Spongebob Can Now Narrate Your Writing

Fifteen.ai is a proof of concept web platform that allows you to make various characters from different pieces of media repeat what you write. The site, funded by MIT, has served over 4.2 million audio files which are the output of different characters speaking out the text the users have requested.

I’m frankly surprised this wasn’t done earlier.

I’m frankly surprised this wasn’t done earlier.
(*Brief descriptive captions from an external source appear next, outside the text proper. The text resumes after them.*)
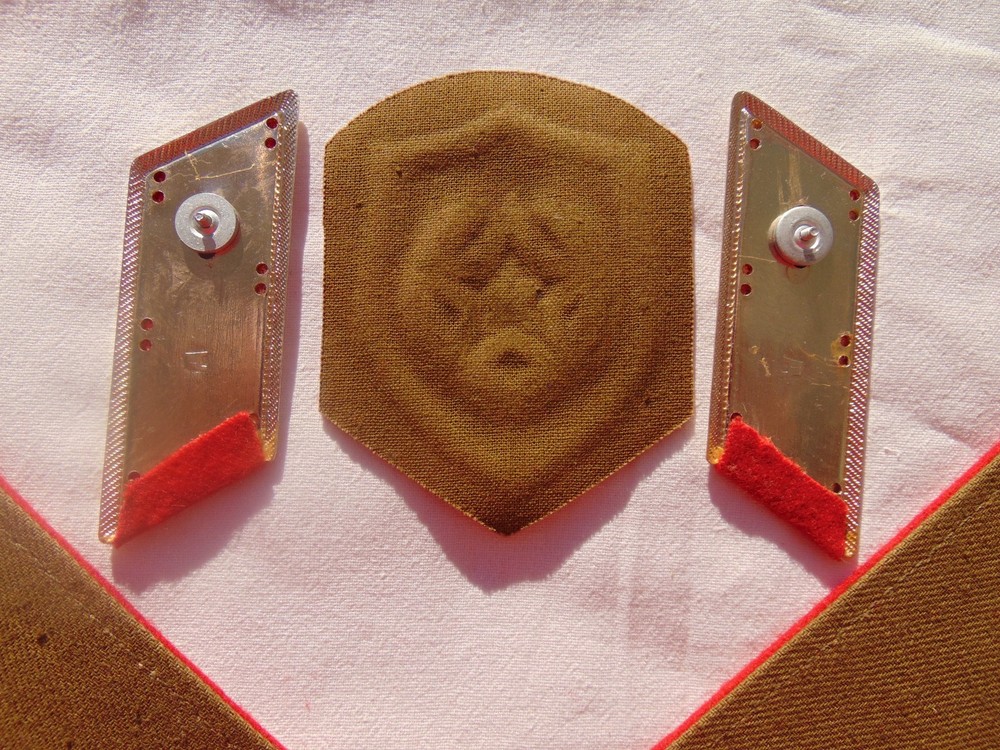 A set of Soviet motorized rifleman's insignia.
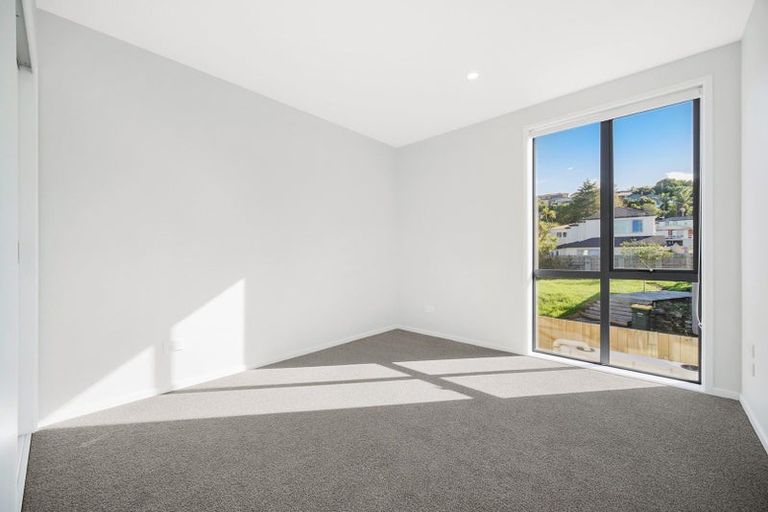 Photo of property in 7/31 Ayton Drive, Totara Vale, Auckland, 0629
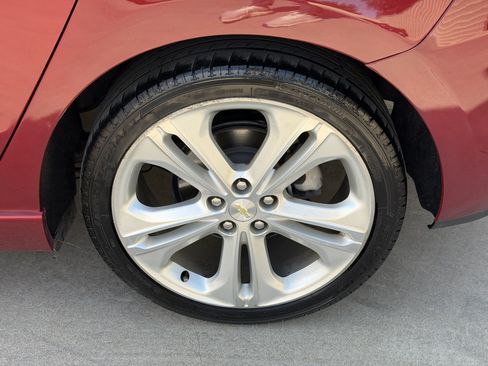 Used 2017 Chevrolet Cruze Premier FWD image 12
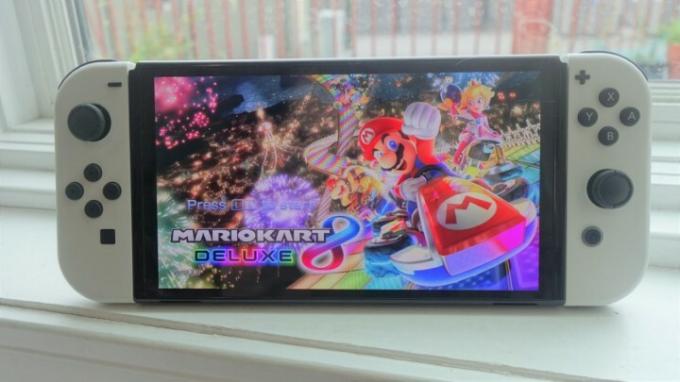 Mario Kart 8 Deluxe працює на OLED-дисплеї Nintendo Switch.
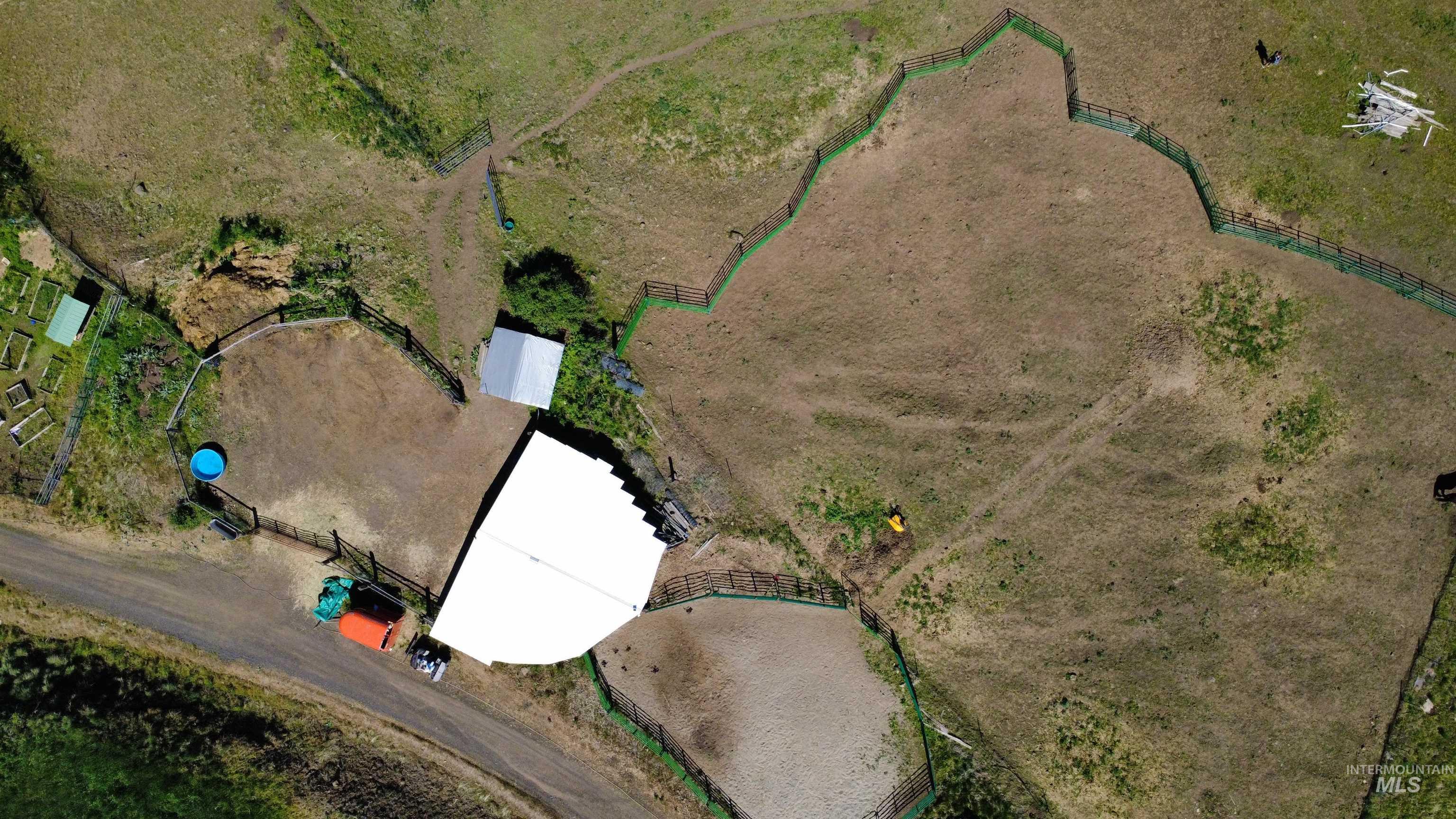 39055 Hilltop Ln, Lewiston, Idaho 83501, 3 Bedrooms, 2 Bathrooms, Residential For Sale, Price $495,000, 98948907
Text to speech is a technology has been around for a while now, being part of many operating systems since as early as the 1990s. However, due to the recent innovations in the field of artificial intelligence, the quality of text to speech engines has seen rapid growth and the voices generated are increasingly natural. The most famous example of this is an unreleased feature of Google's voice assistant. The feature allows the voice assistant to call and make appointments for you and also respond to calls first if needed. The voice assistant goes as far to include "um"s and "hmm"s in its replies, undoubtedly fooling the caller on the other end into thinking there is an actual human on the other side.

There is no doubt that in order to make such an intricate AI, days upon days of training data was used by Google to hone the voice assistant into answering in the most natural way possible. Fifteen, on the other hand, highlights a very different improvement in voice synthesising algorithms: it is able to produce samples of audio similar to that of the original character in as little as 5 minutes of training data. Though it is still a bit rough around the edges (try inputting "coronavirus" and listen to different characters absolutely butcher the pronunciation), the AI does a good job at accurately replicating most basic words. Additionally, depending on the characters chosen on the website, the web platform allows you to give an emotion to the narration of the sample text. For example, Twilight Sparkle from My Little Pony has the option of outputting the written text in a happy mode.

The fact that you can train artificial intelligence to synthesise voice as natural as this with just 5 minutes of training data comes with both benefits and potential problems. The obvious benefit that most people might think of is better sounding voice assistants, but companies so far have not decided to use better voice synthesis on voice assistants with research showing that it can draw users away by coming off as eerily human. It is likely that we will see any phone voice assistants with naturally sounding voices until they can consistently be as natural as the voice showed in the Google assistant calling demonstration and cross the infamous "uncanny valley", a valley at which a technology generates an imperfect human and causes discomfort in users despite being close to the real thing. An important benefit of better voice synthesis is allowing those impaired and unable to speak have a nearly natural voice and allow them to express their thoughts with it. On the other hand, a problem that we may end up facing at some point in the future is that it if someone records you for 5 minutes speaking about different things, they can impersonate your voice using the same technology that this artificial intelligence used, that being said, there is still a while before artificial intelligence can accurately synthesise more complex words given the small set of training data.